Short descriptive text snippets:
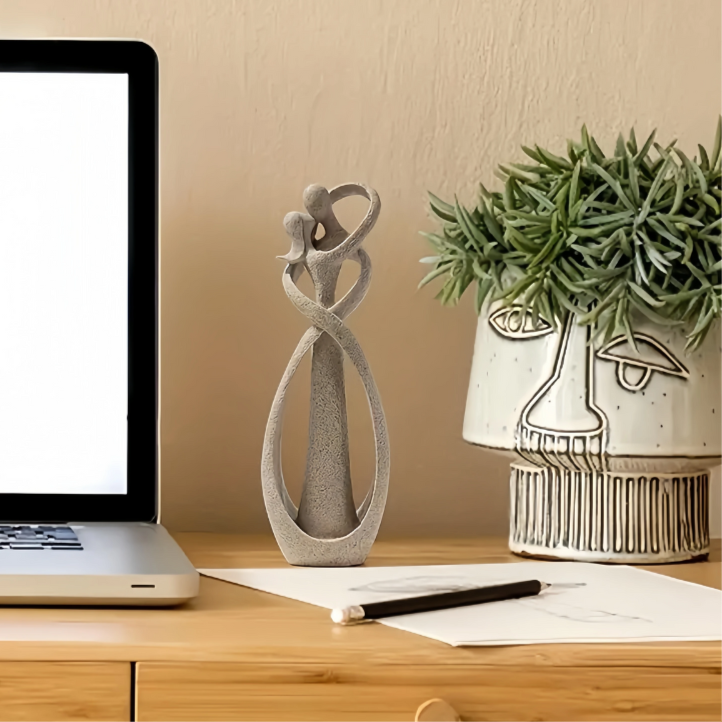 MEELANO Abstrakt Billede 30 cm Høj i Hvid Polyresin – Tidløs Elegance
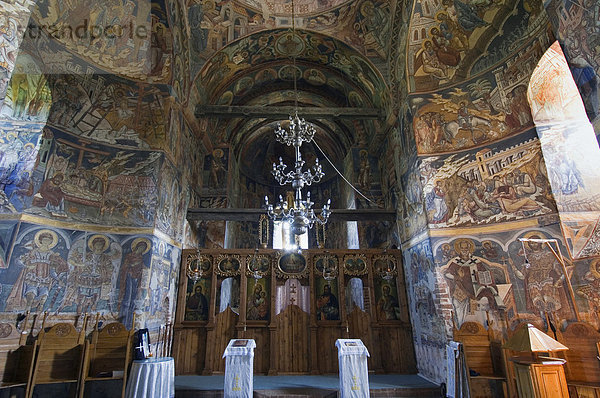 Naos der Klosterkirche Heiliger Nikolaus  Probota  Welterbe der UNESCO  Süd-Bukowina  Moldau  Rumänien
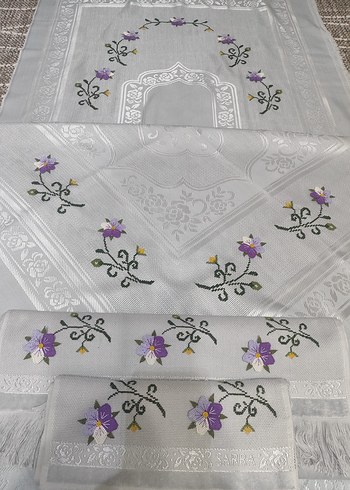 iğne oyalı işleme seccade takımı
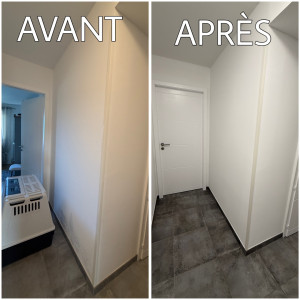 Photo de galerie - Remplacement de tapisserie sur une zone de mur ainsi que la peinture complète de la pièce.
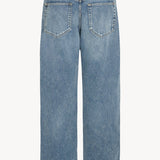 Back view of medium blue men's ross jean on white background, with no model shown.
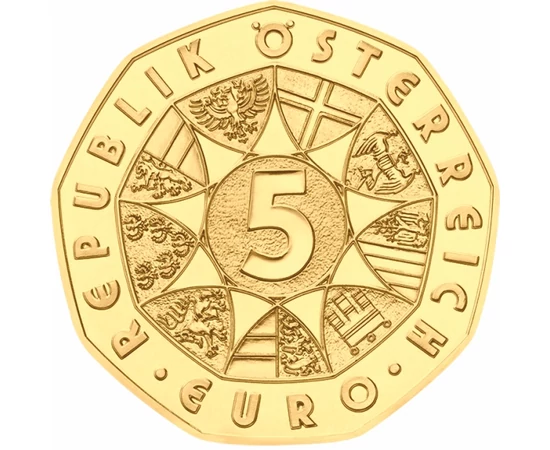 5 euro, Kék Duna keringő 5 euró, aranyozott, Ausztria, 2017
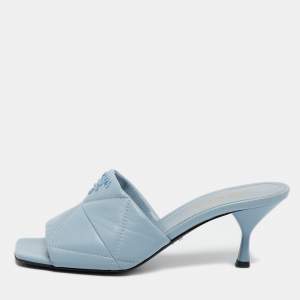 Prada Blue Leather Slide Sandals Size 37.5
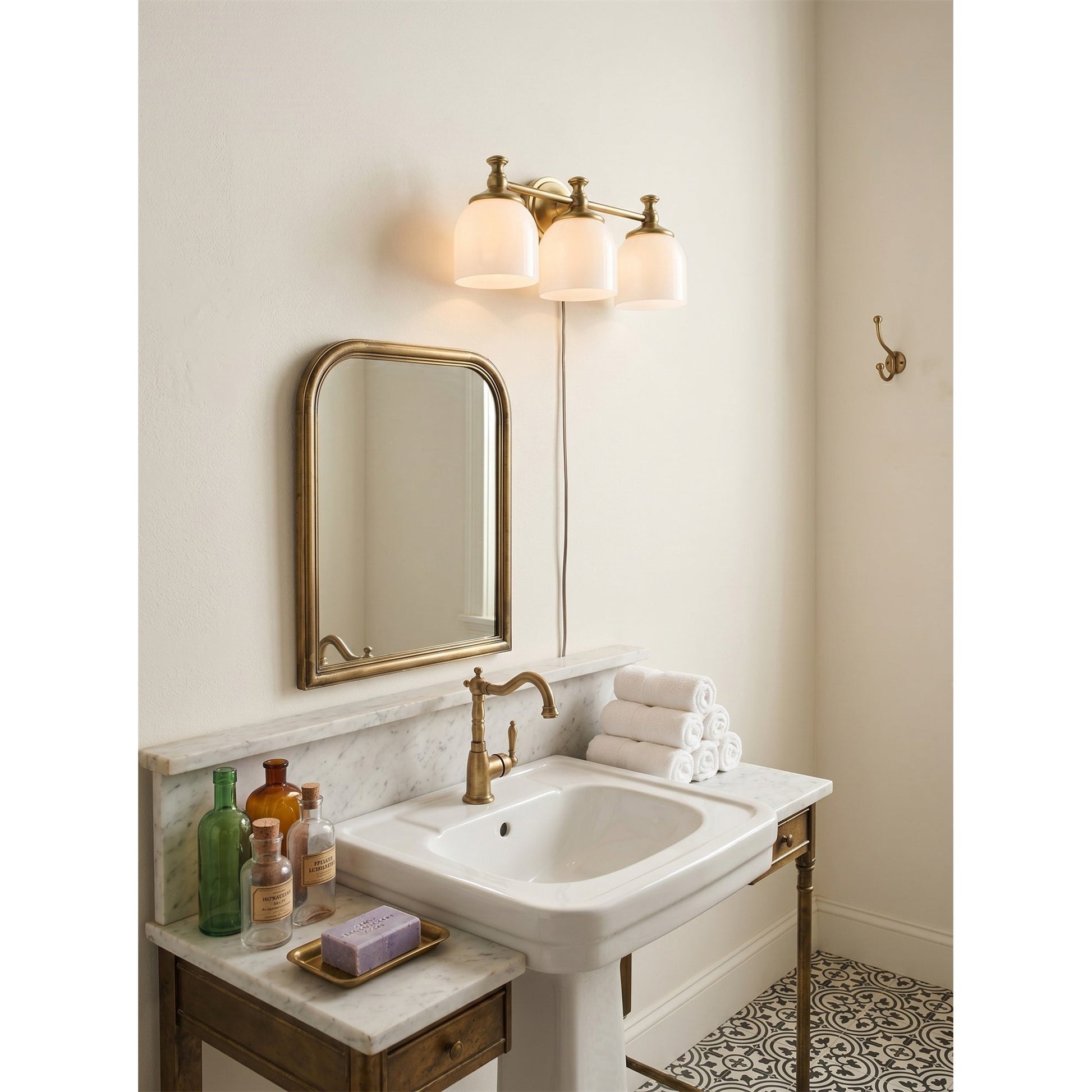 Front view of the 2-head black sconce.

## Work order
Each of the entries above must be output exactly, with none of the pictures.

## Solution to this exercise
 MEELANO Abstrakt Billede 30 cm Høj i Hvid Polyresin – Tidløs Elegance
 Naos der Klosterkirche Heiliger Nikolaus  Probota  Welterbe der UNESCO  Süd-Bukowina  Moldau  Rumänien
 iğne oyalı işleme seccade takımı
 Photo de galerie - Remplacement de tapisserie sur une zone de mur ainsi que la peinture complète de la pièce.
 Back view of medium blue men's ross jean on white background, with no model shown.
 5 euro, Kék Duna keringő 5 euró, aranyozott, Ausztria, 2017
 Prada Blue Leather Slide Sandals Size 37.5
 Front view of the 2-head black sconce.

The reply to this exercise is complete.